To configure S3 for event log storage it is recommended to store AWS security credentials in a Secret
in the following way:
- Create a
Secret
which will contain Spark configuration (file name is important):
$ cat << 'EOF' >> spark-defaults.conf
spark.hadoop.fs.s3a.access.key <AWS_ACCESS_KEY_ID>
spark.hadoop.fs.s3a.secret.key <AWS_SECRET_ACCESS_KEY>
spark.hadoop.fs.s3a.impl org.apache.hadoop.fs.s3a.S3AFileSystem
EOF
$ kubectl create secret generic spark-conf --from-file spark-defaults.conf --namespace spark
- Install Spark Operator with the following parameters:
kubectl kudo install spark --instance=spark-operator \
-p enableHistoryServer=true \
-p historyServerFsLogDirectory="s3a://<BUCKET_NAME>/<FOLDER>" \
-p historyServerSparkConfSecret=spark-conf
# Creating Spark Application
When Spark History server is enabled, an additional configuration such as security credentials can be required for accessing the storage backend being used for event logging.
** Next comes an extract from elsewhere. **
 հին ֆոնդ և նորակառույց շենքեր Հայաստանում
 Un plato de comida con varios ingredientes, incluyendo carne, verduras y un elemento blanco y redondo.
The following steps are required for configuring Spark Application event log storage in S3:
- Create a
Secret
with AWS credentials as described in Integration with AWS S3 Operator documentation. - Create a
SparkApplication
configuration with AWS credentials environment variables populated from aSecret
created at the previous step. Here's an example:
apiVersion: "sparkoperator.k8s.io/v1beta2"
kind: SparkApplication
metadata:
name: spark-app
spec:
...
sparkConf:
"spark.eventLog.enabled": "true"
"spark.eventLog.dir": "s3a://<BUCKET_NAME>/<FOLDER>"
"spark.hadoop.fs.s3a.impl": "org.apache.hadoop.fs.s3a.S3AFileSystem"
...
driver:
env:
- name: AWS_ACCESS_KEY_ID
valueFrom:
secretKeyRef:
name: <Name of a Secret with AWS credentials >
key: AWS_ACCESS_KEY_ID
- name: AWS_SECRET_ACCESS_KEY
valueFrom:
secretKeyRef:
name: <Name of a Secret with AWS credentials>
key: AWS_SECRET_ACCESS_KEY
# in case when Temporary Security Credentials are used
- name: AWS_SESSION_TOKEN
valueFrom:
secretKeyRef:
name: <Name of a Secret with AWS credentials>
key: AWS_SESSION_TOKEN
optional: true
If PVC is passed while installing the Spark Operator, make sure these two fields are also added with following values:
# Add this under SparkApplicationSpec
volumes:
- name: pvc-storage
persistentVolumeClaim:
claimName: <HISTORY_SERVER_PVC_NAME>
# Add this under SparkPodSpec
volumeMounts:
- mountPath: <HISTORY_SERVER_FS_LOG_DIRECTORY>
name: pvc-storage
Make sure that CRD and RBAC for SparkApplication are already created. Now we can run the application as follows:
kubectl apply -n <NAMESPACE> -f specs/spark-application.yaml
# Accessing Spark History Server UI
# Using Port-Forwarding:
You can run this command to expose the UI in your local machine.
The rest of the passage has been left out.